Read about how Sara dealt with the overwhelming experience of helping her depressed boyfriend, and the lessons she learnt in the process.
This can help if:
- you want to know more about depression
- you’re worried about someone who might have depression
- you feel like no one understands.
Seeing a loved one go through a hard time always impacts you in some way or another. You watch them hang their head and cry a little, and you pat them awkwardly on the back and tell them it will be okay, because you feel sad for them and want them to be okay. But you then carry on with your own life.
When my boyfriend of two years started to get a bit emotional, I did just that. I told him it was hormones, or the stress of exams, and I said I would hold his hand whenever he felt sad. One Sunday about a month later, I was sitting at home watching the telly when he called and asked to come over. Thinking he was just a bit down, I said: ‘Of course! I'll meet you at the train station.’
An hour later, when I met him, I wished I had a car. I practically had to carry him home, as he was sobbing in my arms. I was unbelievably confused. This was my boyfriend, the guy who cuddles me when I cry, and is always tough and strong and manly. Yet, here he was, as small and sad as a lost kitten, crying his eyes out because he had an argument with one of his friends. ‘He hates me, they all hate me, I hate me,’ he kept saying. To me, he was perfect – funny, smart, kind and caring. One of the best people I knew. It was so hard to sit and watch him say all these things about himself that I knew weren’t true. I tried for weeks to convince him otherwise, but he refused to listen to a word I said.
For a couple of months, things went on like this: every so often, he would break down and come to me for help. I found myself losing concentration at school (he was in my year) and just watching him to make sure he was okay. Every day he would cry and cry. I would sit with him for hours while he cried, thinking it was weird and that no one else his age got depressed. I started to get depressed, too, because the person I’d felt close to, and could turn to for help, was now unable to support me. I got confused and insanely lost. He didn't want anyone else to know he felt like this, so I couldn't really ask anyone what to do.
Getting some help
All my friends started to get annoyed with me because I hardly saw them anymore, and my mum got scared because she thought there was something really wrong with me. When a teacher asked me one day what was wrong and how he could help, I realised that my boyfriend's depression was rubbing off on me. I went and spoke to my dad, who is a youth worker, the next day. He told me all about depression and gave me some numbers that my boyfriend could call. Of course, my boyfriend refused to call the counsellor, but it cheered him up a little when I told him about the causes of depression. He started to realise it was quite a normal thing.

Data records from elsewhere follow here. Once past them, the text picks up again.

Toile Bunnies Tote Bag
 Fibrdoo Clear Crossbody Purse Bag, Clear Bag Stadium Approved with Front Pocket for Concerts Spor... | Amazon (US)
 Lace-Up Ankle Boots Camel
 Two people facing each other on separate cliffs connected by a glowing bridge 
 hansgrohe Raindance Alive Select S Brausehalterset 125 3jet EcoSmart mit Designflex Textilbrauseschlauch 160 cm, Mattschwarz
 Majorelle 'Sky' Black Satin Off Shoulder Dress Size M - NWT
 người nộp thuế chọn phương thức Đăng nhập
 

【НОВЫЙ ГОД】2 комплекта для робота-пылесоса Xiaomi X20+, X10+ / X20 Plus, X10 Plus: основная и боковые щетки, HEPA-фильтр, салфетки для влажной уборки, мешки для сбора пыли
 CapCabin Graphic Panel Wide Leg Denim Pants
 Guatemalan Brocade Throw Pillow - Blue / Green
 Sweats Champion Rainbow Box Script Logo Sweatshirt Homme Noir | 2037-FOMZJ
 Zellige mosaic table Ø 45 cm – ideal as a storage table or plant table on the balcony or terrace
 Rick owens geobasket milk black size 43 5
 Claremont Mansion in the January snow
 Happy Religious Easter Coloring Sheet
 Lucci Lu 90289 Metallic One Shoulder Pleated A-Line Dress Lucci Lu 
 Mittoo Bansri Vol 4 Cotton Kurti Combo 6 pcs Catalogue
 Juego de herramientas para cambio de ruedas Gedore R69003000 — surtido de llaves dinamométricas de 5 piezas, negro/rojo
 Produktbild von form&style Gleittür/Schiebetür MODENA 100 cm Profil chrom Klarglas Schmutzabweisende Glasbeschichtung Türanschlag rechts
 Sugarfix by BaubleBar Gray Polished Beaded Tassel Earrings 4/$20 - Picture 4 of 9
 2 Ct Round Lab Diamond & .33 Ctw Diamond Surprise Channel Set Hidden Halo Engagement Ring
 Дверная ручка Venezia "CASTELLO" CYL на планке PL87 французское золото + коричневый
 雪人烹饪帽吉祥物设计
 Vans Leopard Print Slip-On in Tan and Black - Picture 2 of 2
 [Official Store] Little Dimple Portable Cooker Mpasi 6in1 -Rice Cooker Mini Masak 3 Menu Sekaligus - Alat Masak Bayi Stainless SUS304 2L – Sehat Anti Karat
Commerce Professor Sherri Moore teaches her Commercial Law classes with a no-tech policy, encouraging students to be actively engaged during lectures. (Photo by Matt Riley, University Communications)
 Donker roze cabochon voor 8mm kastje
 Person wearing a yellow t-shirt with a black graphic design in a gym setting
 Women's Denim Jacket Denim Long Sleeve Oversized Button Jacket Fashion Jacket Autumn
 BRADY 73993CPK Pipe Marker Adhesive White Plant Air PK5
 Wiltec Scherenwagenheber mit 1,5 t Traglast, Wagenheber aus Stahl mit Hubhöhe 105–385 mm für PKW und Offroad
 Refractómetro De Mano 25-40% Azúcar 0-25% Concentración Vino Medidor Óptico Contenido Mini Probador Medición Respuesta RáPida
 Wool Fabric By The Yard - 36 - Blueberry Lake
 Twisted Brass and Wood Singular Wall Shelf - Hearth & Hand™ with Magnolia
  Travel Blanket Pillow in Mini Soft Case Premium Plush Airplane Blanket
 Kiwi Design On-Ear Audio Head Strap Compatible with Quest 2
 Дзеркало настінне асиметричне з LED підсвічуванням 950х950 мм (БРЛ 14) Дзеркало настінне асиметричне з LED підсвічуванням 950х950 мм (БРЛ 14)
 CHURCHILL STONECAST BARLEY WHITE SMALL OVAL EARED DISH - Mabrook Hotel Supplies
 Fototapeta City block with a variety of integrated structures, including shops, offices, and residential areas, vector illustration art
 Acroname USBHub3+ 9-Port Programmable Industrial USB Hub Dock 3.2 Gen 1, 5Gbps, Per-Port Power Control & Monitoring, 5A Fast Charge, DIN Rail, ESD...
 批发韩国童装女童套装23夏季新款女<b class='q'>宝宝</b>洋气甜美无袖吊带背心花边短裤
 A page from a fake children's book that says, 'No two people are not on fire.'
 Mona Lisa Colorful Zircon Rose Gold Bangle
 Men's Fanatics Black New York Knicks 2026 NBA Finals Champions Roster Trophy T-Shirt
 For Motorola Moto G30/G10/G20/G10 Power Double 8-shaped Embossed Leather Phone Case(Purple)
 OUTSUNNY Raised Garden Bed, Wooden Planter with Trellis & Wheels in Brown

Slowly, my boyfriend began to see that it was okay to feel bad sometimes. I eventually talked him into going to see the school counsellor. I had to go with him the first time, but he eventually started to see her alone. Surprisingly, after only a few sessions with her, he seemed to be doing a lot better. Eventually, he managed to get back on track. With help from his mum, my mum, his closest friends, the school counsellor and from me, he started to return to his old self.
Looking back, I can't get over how silly I was not to talk to someone earlier. I was in no way ready to deal with all that I did. My boyfriend expected me to make things better, when I had no idea where to even begin.
I learnt how important it is to reassure someone who’s depressed that they’re not weird for feeling that way. In many ways, I’m grateful for this experience, because I now know that whenever I feel down or depressed, it’s a completely normal thing. I know that if a friend or family member is depressed, the best thing to do is help them in every way you can, be their friend and hug them a lot, but leave the professional work to the professionals. Try not to let their depression directly affect how you live your own life.